The lines from the one containing "Metric Professional Stubby" through the end of the entries are what to output; reproduce them exactly and add nothing.

* * * * * * *

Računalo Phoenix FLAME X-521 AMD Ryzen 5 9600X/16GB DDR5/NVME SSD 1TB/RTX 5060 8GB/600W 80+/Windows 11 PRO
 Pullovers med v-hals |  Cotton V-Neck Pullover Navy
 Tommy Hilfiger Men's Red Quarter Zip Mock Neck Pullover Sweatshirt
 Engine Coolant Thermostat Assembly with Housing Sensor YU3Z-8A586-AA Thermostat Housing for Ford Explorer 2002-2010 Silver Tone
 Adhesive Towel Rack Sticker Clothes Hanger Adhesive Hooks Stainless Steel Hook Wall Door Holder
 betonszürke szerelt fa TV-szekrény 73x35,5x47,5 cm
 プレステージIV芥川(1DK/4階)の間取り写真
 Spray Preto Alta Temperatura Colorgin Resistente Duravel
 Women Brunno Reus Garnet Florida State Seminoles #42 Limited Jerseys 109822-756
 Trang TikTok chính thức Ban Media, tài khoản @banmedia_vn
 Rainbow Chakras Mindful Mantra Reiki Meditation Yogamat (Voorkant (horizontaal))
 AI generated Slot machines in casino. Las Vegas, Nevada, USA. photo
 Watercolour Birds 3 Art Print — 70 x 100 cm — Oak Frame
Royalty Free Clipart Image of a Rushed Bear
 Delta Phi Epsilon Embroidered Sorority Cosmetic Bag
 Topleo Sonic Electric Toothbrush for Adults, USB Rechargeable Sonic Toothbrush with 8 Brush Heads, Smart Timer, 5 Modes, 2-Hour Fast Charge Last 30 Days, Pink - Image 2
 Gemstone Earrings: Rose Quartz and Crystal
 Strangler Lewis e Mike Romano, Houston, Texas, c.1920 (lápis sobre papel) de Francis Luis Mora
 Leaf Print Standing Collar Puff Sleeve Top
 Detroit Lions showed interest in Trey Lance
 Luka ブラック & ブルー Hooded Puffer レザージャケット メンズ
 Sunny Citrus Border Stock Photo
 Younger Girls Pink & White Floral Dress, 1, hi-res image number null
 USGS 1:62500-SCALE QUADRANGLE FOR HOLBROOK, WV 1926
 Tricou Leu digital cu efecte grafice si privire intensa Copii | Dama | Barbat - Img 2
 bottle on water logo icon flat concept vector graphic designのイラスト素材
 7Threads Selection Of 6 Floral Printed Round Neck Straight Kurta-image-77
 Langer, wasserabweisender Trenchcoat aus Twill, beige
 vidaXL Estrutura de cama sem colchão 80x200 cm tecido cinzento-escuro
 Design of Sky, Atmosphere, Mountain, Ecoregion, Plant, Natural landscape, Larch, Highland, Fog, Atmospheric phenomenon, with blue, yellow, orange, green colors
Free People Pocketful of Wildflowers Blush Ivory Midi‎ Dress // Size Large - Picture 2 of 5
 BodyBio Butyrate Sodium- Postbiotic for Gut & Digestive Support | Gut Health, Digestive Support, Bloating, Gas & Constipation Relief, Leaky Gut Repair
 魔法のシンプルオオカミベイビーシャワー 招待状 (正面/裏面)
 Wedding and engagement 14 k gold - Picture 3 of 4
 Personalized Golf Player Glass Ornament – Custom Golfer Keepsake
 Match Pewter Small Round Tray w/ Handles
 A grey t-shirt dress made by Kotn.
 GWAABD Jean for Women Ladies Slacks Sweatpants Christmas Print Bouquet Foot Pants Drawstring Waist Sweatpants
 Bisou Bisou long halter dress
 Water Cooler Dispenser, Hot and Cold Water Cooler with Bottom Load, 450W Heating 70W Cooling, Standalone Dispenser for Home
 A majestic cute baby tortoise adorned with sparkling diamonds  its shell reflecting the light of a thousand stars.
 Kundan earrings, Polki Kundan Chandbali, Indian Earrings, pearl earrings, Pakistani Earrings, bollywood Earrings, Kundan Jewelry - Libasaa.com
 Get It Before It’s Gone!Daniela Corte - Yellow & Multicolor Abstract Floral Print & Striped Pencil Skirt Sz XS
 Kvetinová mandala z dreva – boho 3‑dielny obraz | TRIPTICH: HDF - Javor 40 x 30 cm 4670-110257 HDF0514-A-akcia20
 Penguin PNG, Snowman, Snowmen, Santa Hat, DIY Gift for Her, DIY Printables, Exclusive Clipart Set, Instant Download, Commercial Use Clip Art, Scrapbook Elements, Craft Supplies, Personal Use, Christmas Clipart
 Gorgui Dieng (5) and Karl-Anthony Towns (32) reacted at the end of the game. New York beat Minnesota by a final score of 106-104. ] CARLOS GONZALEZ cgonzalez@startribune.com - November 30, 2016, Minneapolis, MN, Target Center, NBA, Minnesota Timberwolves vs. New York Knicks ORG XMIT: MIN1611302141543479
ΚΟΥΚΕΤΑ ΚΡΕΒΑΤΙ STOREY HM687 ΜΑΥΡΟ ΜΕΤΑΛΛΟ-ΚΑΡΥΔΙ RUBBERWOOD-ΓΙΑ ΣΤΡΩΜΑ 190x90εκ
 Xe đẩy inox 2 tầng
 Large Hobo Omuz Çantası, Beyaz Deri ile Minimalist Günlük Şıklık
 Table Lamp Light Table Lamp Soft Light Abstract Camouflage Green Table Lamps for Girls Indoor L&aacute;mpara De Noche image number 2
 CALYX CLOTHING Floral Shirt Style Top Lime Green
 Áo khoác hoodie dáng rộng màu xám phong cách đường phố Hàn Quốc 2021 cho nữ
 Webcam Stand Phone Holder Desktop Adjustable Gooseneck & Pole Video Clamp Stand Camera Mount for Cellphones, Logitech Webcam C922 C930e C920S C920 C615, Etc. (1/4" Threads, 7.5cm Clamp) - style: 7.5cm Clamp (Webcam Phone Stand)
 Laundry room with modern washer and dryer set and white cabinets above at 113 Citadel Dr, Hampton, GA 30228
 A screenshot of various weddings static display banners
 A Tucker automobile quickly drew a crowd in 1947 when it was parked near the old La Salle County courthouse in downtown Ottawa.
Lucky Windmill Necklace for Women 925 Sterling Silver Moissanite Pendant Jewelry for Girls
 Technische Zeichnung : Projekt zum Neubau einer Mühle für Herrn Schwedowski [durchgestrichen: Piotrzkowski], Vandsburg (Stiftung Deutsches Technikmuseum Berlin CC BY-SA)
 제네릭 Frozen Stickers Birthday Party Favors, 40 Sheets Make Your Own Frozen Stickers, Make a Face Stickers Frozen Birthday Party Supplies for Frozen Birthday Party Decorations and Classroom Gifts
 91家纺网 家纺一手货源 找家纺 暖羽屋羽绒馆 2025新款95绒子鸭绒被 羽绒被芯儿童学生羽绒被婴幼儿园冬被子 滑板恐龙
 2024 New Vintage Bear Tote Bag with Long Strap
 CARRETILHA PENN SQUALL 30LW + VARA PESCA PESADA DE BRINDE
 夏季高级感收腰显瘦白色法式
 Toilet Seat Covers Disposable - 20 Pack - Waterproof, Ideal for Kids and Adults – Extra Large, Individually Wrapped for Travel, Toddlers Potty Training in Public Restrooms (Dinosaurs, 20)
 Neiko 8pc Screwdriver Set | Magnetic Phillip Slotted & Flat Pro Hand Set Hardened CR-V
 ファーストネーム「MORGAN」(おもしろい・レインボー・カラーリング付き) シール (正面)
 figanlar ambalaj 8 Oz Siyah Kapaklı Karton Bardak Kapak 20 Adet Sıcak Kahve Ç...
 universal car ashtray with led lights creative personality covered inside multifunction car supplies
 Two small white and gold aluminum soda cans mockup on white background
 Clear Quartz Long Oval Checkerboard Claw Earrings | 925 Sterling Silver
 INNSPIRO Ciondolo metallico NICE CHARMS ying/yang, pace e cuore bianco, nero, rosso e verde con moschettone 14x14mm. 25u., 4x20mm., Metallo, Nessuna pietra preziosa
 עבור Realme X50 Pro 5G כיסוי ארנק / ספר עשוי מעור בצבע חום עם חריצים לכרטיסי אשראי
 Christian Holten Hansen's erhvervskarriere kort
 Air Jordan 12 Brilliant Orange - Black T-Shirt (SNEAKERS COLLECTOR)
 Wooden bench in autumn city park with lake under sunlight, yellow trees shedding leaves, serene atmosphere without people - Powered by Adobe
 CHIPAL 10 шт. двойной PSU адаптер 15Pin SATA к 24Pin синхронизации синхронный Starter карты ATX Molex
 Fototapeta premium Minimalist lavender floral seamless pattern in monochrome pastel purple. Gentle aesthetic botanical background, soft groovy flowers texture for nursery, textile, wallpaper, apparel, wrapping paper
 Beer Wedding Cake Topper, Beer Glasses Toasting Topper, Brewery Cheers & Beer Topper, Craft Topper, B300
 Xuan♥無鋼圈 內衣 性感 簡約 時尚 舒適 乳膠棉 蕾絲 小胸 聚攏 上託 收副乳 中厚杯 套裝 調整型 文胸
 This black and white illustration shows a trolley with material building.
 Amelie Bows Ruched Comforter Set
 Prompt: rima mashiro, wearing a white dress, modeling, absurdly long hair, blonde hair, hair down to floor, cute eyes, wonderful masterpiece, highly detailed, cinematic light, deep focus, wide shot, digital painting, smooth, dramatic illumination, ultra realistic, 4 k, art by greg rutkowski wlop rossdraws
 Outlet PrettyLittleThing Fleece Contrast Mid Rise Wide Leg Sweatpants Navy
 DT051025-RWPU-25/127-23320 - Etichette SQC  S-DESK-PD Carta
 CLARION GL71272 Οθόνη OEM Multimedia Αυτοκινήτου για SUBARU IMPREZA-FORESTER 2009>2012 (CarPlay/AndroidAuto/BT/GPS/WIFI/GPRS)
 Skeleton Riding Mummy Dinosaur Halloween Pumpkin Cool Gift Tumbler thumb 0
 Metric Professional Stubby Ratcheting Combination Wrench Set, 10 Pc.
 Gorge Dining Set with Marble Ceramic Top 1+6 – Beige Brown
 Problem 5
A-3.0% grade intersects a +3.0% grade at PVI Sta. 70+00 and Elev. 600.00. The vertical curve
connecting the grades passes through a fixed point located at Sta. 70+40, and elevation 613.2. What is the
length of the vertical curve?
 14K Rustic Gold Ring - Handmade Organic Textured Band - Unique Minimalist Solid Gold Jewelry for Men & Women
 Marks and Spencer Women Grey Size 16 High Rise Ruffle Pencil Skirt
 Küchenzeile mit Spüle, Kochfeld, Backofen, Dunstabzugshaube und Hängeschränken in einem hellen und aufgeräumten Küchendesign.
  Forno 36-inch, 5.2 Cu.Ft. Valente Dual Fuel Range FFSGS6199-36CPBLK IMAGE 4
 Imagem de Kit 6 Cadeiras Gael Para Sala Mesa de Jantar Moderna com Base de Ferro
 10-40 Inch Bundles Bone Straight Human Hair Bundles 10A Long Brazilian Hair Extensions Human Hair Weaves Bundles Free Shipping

* * * * * * *

(ANSWER TO THE PROBLEM):
 Metric Professional Stubby Ratcheting Combination Wrench Set, 10 Pc.
 Gorge Dining Set with Marble Ceramic Top 1+6 – Beige Brown
 Problem 5
A-3.0% grade intersects a +3.0% grade at PVI Sta. 70+00 and Elev. 600.00. The vertical curve
connecting the grades passes through a fixed point located at Sta. 70+40, and elevation 613.2. What is the
length of the vertical curve?
 14K Rustic Gold Ring - Handmade Organic Textured Band - Unique Minimalist Solid Gold Jewelry for Men & Women
 Marks and Spencer Women Grey Size 16 High Rise Ruffle Pencil Skirt
 Küchenzeile mit Spüle, Kochfeld, Backofen, Dunstabzugshaube und Hängeschränken in einem hellen und aufgeräumten Küchendesign.
  Forno 36-inch, 5.2 Cu.Ft. Valente Dual Fuel Range FFSGS6199-36CPBLK IMAGE 4
 Imagem de Kit 6 Cadeiras Gael Para Sala Mesa de Jantar Moderna com Base de Ferro
 10-40 Inch Bundles Bone Straight Human Hair Bundles 10A Long Brazilian Hair Extensions Human Hair Weaves Bundles Free Shipping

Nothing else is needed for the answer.